DIRECTIONS FOR THIS TASK :: The answer is to be the lines below that lie between the line holding "Chapéu de Sol" and the line holding "一拳汉化最新进展深度探究与前瞻展望", inclusive, transcribed exactly and free of pictures.

----- EXTRACTED DATA

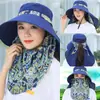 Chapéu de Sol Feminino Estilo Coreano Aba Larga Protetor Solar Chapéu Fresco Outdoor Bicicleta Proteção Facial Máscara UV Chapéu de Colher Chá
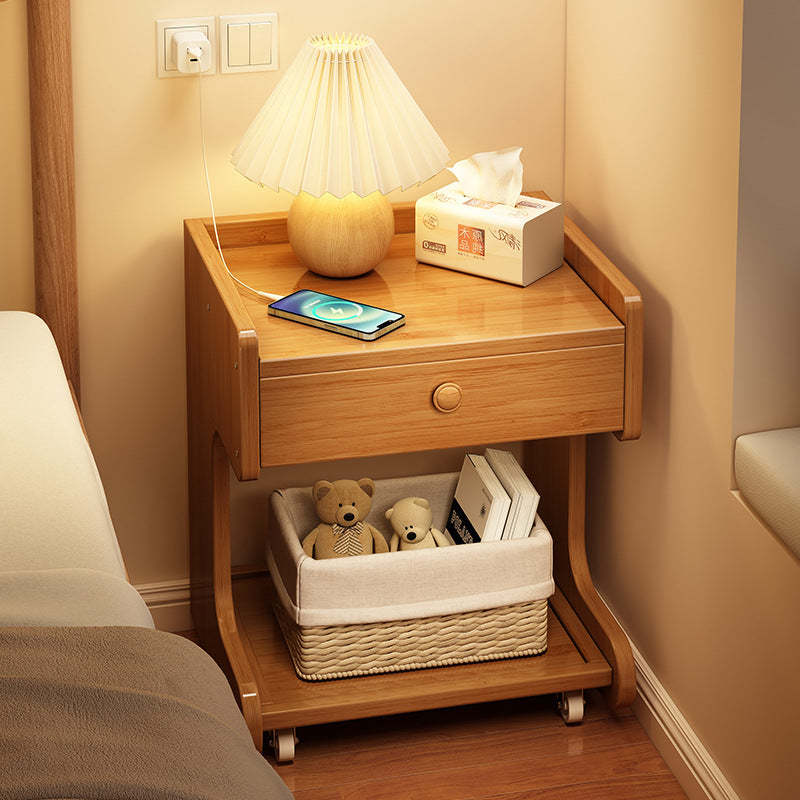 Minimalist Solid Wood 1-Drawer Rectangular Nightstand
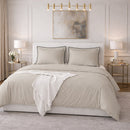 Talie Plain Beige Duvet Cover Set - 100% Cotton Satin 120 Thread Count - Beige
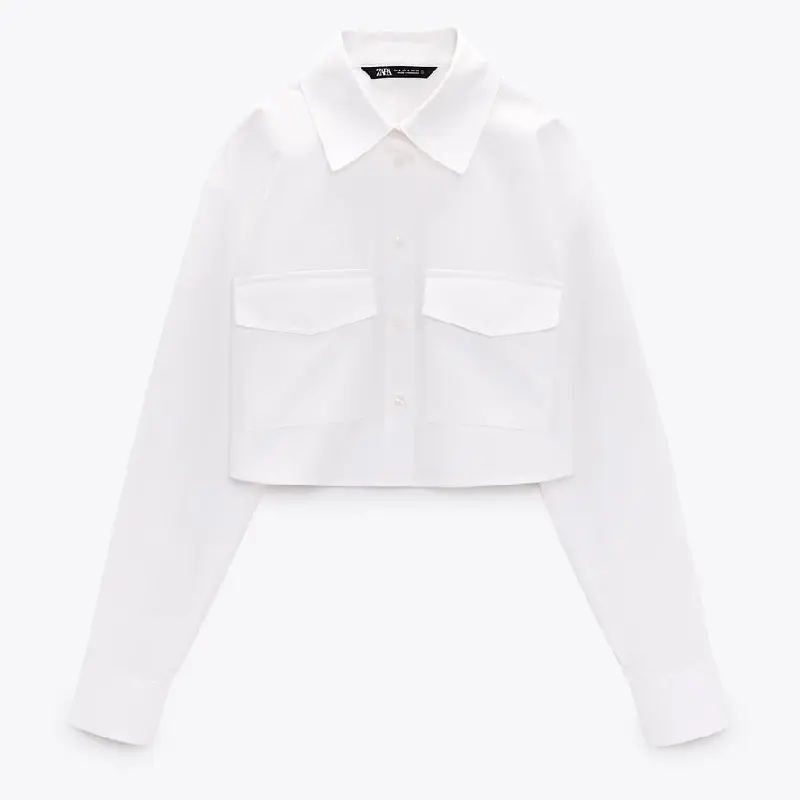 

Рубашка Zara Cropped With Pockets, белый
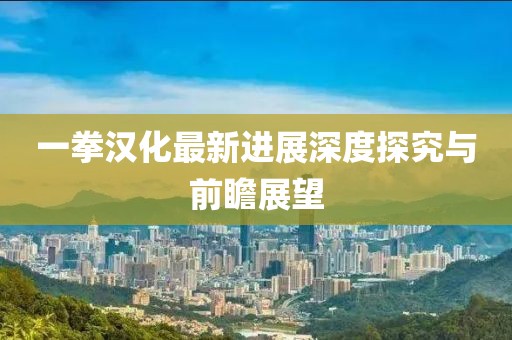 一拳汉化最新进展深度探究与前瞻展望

----------
----- EXTRACTED DATA

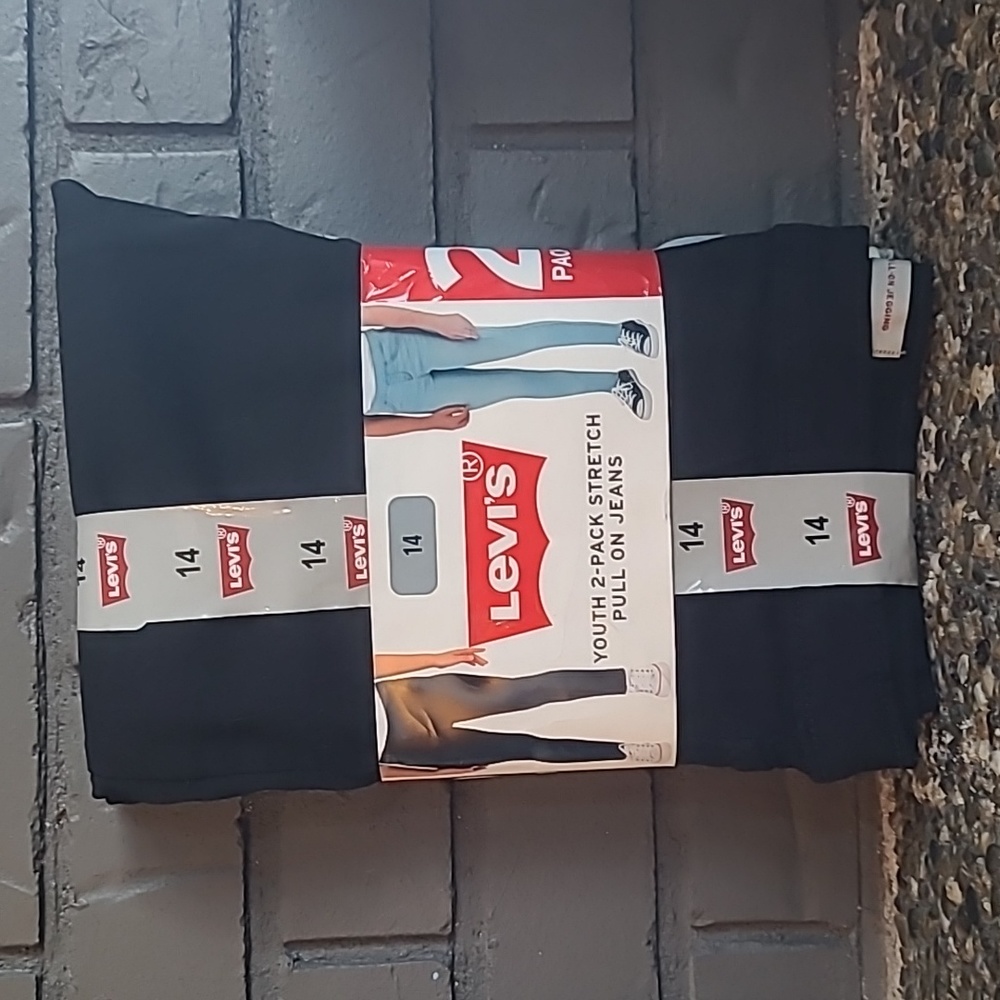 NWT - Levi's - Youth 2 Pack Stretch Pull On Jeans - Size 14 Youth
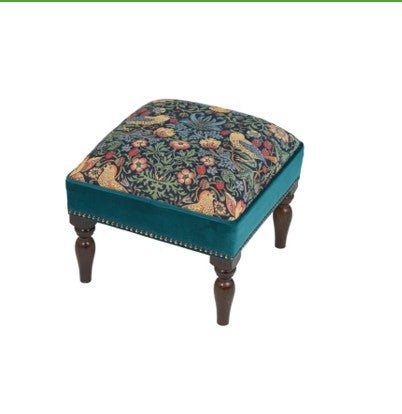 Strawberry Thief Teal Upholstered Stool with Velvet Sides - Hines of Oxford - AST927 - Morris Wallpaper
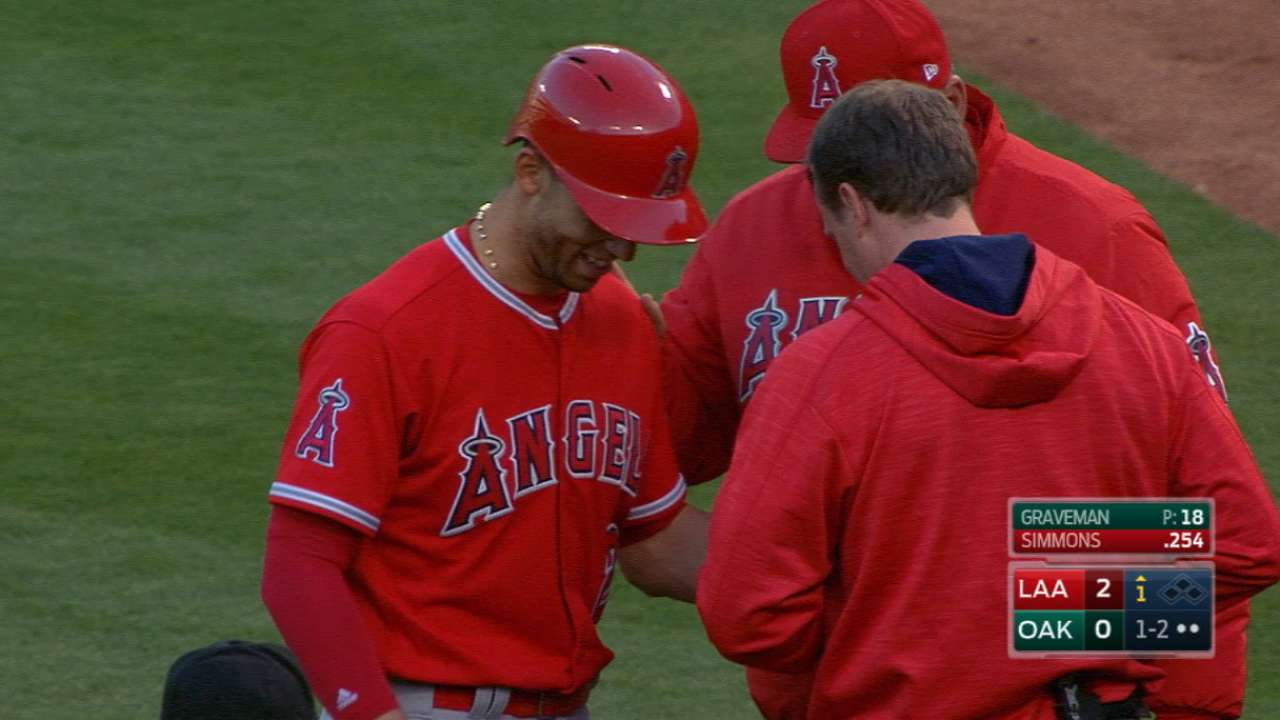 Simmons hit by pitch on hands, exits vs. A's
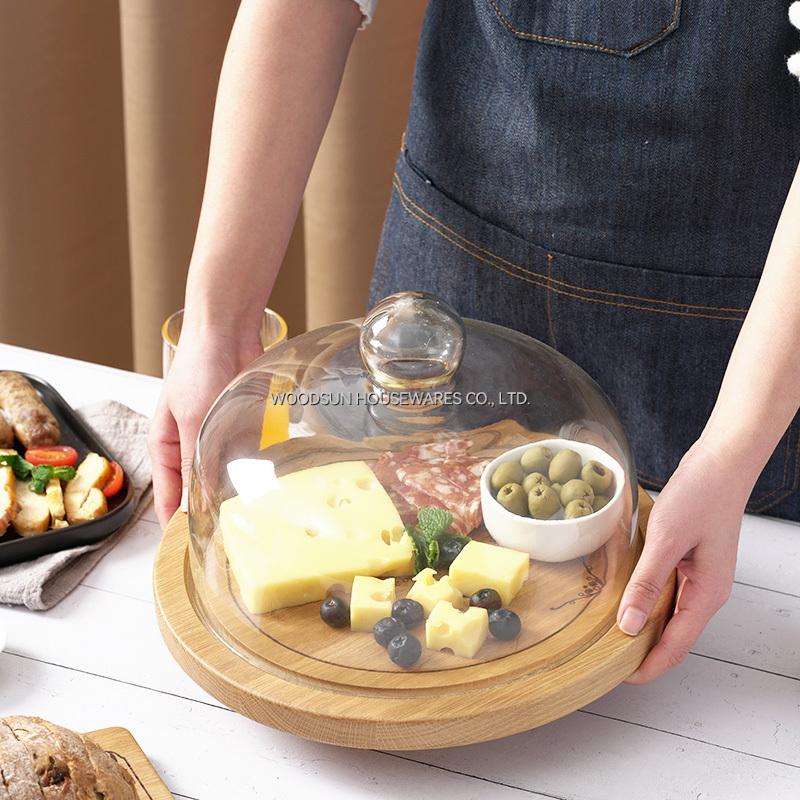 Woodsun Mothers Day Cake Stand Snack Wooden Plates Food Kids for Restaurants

----------

EXERCISE OUTPUT ::
 Chapéu de Sol Feminino Estilo Coreano Aba Larga Protetor Solar Chapéu Fresco Outdoor Bicicleta Proteção Facial Máscara UV Chapéu de Colher Chá
 Minimalist Solid Wood 1-Drawer Rectangular Nightstand
 Talie Plain Beige Duvet Cover Set - 100% Cotton Satin 120 Thread Count - Beige

Рубашка Zara Cropped With Pockets, белый
 一拳汉化最新进展深度探究与前瞻展望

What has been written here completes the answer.